Big Brother Gets a Brain

The Pentagon's Plan for Tracking Everything That Moves

Still, watching your data trail just isn't the same as actually watching your physical tail. You can change your e-mail address, and start paying cash. But you can't run away from yourself. And that's the missing piece CTS could provide—an almost instant ability to track, moment by moment, where you are and what you're doing.

"Before, there was a reasonable expectation of privacy when you were walking down the street," Lewis said. "Now that's something that will have to be adjusted."

That's not all that will change. As everybody who's ever mugged for the camera knows, people act differently when they're being watched.

Sometimes, that's not such a bad thing. Web-surfing habits are monitored on the job, so you wait until you're home to download porn. On the street, you can be a little less skittish, knowing your neighbors, your beat cops, your corner store owners are keeping an eye on you.

But being watched by a faceless, inaccessible government minder, that's something altogether different.

In 1791, the English philosopher Jeremy Bentham proposed a jail, circular in shape. The warden would sit in a dark observation booth in the middle; the prisoners would sit in well-lit, inward-facing cells along the circumference. Under the constant threat of being watched, the jailed would change their behavior, Bentham theorized, bending their activities to the warden's rules.
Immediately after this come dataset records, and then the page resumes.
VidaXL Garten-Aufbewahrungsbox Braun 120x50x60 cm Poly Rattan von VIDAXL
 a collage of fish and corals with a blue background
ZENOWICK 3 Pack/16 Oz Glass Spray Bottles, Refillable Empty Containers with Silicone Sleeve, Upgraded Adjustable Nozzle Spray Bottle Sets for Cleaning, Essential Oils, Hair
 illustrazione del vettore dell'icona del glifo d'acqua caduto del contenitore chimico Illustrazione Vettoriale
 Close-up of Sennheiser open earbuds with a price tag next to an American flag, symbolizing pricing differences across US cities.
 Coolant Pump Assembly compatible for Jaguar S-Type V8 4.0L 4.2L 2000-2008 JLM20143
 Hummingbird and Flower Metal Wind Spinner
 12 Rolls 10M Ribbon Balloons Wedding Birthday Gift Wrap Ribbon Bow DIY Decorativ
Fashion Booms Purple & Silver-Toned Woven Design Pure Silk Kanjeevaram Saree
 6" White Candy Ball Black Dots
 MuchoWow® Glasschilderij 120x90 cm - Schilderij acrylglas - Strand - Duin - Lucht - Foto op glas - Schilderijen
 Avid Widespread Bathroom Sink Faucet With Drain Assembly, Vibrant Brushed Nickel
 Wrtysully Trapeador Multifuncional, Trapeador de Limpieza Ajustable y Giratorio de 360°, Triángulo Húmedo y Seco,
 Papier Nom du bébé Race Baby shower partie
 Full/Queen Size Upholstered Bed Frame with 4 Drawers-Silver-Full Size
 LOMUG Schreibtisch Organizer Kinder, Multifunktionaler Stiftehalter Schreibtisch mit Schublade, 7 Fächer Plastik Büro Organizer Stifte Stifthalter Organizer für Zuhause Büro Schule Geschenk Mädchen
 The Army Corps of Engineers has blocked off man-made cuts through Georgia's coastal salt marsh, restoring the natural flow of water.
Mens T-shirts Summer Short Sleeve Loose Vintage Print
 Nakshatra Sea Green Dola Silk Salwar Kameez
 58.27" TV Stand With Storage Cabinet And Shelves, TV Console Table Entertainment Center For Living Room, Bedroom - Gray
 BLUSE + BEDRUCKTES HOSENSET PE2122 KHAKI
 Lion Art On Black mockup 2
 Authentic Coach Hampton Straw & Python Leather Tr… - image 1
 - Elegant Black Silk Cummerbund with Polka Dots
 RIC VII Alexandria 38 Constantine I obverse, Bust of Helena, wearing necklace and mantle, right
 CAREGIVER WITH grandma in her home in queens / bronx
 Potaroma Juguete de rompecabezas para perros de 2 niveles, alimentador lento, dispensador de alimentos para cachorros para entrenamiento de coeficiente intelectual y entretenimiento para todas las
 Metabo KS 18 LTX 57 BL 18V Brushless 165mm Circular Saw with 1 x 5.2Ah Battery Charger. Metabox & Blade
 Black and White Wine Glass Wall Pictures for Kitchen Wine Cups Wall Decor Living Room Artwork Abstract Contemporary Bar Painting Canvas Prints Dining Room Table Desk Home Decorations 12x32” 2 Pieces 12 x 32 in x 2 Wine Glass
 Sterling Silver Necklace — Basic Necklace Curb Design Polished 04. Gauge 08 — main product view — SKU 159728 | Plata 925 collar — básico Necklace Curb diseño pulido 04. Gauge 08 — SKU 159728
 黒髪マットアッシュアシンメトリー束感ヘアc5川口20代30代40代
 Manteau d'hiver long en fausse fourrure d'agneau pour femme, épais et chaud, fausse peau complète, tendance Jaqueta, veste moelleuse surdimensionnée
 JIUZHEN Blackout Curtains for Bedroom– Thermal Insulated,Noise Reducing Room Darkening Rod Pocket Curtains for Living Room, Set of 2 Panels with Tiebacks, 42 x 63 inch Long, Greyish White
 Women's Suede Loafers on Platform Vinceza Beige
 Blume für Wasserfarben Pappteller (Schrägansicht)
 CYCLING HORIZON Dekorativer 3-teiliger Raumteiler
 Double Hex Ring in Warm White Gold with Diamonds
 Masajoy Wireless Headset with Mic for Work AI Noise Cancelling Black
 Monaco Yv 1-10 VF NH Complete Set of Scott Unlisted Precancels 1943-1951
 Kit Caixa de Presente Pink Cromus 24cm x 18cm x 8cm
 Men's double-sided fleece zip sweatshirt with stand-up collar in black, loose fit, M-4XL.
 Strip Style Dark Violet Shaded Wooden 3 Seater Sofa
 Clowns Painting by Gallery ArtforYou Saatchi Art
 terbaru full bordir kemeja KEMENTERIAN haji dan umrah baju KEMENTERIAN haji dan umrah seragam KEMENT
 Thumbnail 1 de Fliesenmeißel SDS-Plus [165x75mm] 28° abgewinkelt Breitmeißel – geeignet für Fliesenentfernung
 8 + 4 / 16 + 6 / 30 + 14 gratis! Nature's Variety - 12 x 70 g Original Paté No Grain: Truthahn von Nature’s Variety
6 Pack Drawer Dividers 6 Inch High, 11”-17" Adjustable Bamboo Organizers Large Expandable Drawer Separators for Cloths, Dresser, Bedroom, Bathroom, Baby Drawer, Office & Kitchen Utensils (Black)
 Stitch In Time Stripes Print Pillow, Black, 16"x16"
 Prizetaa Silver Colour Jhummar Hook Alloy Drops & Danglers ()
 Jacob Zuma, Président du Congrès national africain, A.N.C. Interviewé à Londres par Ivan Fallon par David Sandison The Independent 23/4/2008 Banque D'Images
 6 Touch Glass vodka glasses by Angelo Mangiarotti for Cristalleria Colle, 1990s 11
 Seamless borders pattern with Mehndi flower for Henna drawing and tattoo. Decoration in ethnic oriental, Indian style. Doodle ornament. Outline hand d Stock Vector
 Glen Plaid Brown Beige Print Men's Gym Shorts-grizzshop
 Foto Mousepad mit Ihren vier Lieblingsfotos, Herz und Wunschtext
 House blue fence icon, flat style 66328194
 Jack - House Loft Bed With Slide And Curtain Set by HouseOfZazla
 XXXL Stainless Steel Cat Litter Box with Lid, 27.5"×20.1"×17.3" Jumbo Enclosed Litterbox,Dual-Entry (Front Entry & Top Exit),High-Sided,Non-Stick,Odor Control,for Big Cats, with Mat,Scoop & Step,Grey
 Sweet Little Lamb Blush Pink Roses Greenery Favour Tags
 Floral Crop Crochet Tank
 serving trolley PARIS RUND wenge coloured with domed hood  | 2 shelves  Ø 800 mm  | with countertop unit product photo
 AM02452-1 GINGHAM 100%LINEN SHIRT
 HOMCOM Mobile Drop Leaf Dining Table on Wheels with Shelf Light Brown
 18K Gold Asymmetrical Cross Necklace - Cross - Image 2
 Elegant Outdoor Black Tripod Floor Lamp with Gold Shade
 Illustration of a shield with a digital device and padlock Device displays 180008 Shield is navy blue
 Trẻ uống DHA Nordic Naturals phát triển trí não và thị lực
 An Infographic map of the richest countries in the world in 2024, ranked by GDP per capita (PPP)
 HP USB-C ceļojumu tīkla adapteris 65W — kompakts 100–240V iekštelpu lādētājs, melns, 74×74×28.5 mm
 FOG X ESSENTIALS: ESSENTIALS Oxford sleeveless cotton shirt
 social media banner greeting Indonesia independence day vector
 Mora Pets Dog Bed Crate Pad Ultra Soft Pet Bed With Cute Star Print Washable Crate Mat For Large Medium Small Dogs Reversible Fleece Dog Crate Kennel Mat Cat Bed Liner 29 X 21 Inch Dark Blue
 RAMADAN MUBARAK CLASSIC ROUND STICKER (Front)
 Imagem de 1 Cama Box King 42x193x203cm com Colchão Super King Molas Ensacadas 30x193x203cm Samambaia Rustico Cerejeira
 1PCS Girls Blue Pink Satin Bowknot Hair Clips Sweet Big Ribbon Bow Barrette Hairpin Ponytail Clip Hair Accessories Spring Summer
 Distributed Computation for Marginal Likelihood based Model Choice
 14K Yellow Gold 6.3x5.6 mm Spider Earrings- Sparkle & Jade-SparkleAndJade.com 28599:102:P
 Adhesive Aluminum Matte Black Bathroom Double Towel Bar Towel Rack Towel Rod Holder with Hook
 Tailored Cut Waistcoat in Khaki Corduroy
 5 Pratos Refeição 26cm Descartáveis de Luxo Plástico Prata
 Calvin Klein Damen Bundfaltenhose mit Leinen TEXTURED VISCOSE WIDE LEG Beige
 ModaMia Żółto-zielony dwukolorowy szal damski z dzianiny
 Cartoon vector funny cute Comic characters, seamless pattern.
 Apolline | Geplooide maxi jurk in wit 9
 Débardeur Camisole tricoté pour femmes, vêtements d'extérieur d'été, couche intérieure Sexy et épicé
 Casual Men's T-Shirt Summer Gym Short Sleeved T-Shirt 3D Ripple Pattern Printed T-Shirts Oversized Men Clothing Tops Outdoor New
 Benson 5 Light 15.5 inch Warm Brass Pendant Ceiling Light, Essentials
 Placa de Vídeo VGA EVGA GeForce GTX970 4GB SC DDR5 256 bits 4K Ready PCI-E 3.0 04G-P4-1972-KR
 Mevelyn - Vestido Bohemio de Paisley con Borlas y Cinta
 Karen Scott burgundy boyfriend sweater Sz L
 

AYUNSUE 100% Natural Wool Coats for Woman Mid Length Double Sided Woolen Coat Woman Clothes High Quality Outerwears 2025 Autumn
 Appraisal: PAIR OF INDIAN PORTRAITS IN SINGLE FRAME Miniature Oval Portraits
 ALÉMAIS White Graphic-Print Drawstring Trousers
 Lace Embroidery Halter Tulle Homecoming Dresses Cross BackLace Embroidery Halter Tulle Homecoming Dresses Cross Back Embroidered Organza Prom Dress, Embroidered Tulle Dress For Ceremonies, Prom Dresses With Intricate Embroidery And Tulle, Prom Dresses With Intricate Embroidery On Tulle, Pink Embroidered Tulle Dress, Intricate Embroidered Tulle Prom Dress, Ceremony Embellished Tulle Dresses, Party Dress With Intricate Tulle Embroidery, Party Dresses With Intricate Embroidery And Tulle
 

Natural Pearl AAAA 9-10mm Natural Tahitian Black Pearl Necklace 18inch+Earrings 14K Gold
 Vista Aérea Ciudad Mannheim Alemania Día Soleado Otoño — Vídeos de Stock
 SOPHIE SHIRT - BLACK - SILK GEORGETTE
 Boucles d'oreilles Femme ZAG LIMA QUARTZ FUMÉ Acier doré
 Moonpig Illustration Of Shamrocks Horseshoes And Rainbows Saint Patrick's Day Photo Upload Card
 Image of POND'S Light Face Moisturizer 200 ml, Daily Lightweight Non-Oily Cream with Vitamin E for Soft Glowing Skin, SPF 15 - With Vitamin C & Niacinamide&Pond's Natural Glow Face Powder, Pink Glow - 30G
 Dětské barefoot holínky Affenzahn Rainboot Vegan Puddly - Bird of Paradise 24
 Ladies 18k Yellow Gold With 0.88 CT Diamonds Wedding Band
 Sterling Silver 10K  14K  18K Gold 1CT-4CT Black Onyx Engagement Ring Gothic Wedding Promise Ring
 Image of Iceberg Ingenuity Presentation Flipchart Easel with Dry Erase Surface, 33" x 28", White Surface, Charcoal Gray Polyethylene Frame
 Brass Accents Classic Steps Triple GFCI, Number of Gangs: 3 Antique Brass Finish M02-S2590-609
Two centuries later, England has 2.5 million security cameras spread throughout the country, by some estimates. Several cities, like the port town of King's Lynn, are covered by the lenses.

"It's exactly what Bentham predicted," said Simon Davies, director of Privacy International, a British civil liberties group. "The kids there are giving up going onto the street. They say it's almost like being in a glass-paneled room, with their parents on the other side. They're forced into smaller and smaller areas so they can be kids in private."

Putting people under electronic watch induces a kind of split personality, said Bill Brown, who leads tours of Manhattan's spy cams as part of his duties with the Surveillance Camera Players. The authorities want people to obey the law, to behave rationally. But video surveillance does the exact opposite. It makes people feel—correctly—like they're constantly being watched, like they're paranoid.

"And that's not a rational state at all," Brown said. "It's a mental condition."


Stalin and Saddam did their best. They tried hard to keep under surveillance as many of their citizens as they could. But these efforts could never succeed completely. There was always a "fundamental barrier—the ratio of watchers to the watched," said John Pike of Globalsecurity.org.

"You couldn't have everybody working for the secret police," he continued. "The thing that's so singularly seductive about automatic video surveillance is that it breaks that fundamental barrier down."

CTS will keep watch by equipping each camera with a processor, like the one in your computer. The chips will have programmed into them "video understanding algorithms" that can distinguish one car from another. At each checkpoint, the car's speed, time of arrival, color, size, license plate, and shape are all instantly passed on to a central server. If the early tests identifying cars go well, software that recognizes a person's face and style of walk could also be added.

By sharing only this refined data—instead of the raw video itself—CTS should keep fragile computer networks from becoming overloaded with hours and hours of meaningless footage. Everybody knows how much of a pain it can be to get a video clip in your e-mail inbox, instead of a simple text message. Now imagine how much worse the problem would get if thousands and thousands of such clips were being sent back and forth, all day, every day. CTS would help government networks avoid that burden, with each camera transmitting a mere 8 kilobits per second, instead of the 200 or so kilobits needed for high-resolution video.

CTS would also keep the snoops who stare at the monitors from being overwhelmed. "We have enough cameras, but not enough people to watch the video feeds," said Tom Strat, who's heading up CTS for DARPA's Information Exploitation Office.

If all's well, CTS cameras might send back to headquarters only basic data or the occasional low-resolution image. But when there's something fishy going down—like a car speeding away unexpectedly, or a briefcase left in a train station—the images could come sharper, and more quickly. Proto-CTS programs from contractors Northrop Grumman and the Sarnoff Corporation would interrupt the gray monotony of surveillance footage, setting red boxes aflash around the suspect person or object.

"It focuses your attention right there," said Bruce De Witte of Northrop.


But CTS would do more than change what investigators see. It would also give them a record of everything that happens in a city's public places, potential evidence for prosecutors and terrorist hunters.

In its presentation to industry, DARPA said it wanted CTS to be able to find the common threads between a shooting at a bus stop one month and a bombing at a disco the next.

In theory, CTS could take an inventory of all of the cars around the bus stop and near the disco immediately before and after the incidents. Then it could examine where those cars went, to see if there were any vehicles in common—or if a car acted as a sort of messenger between two others.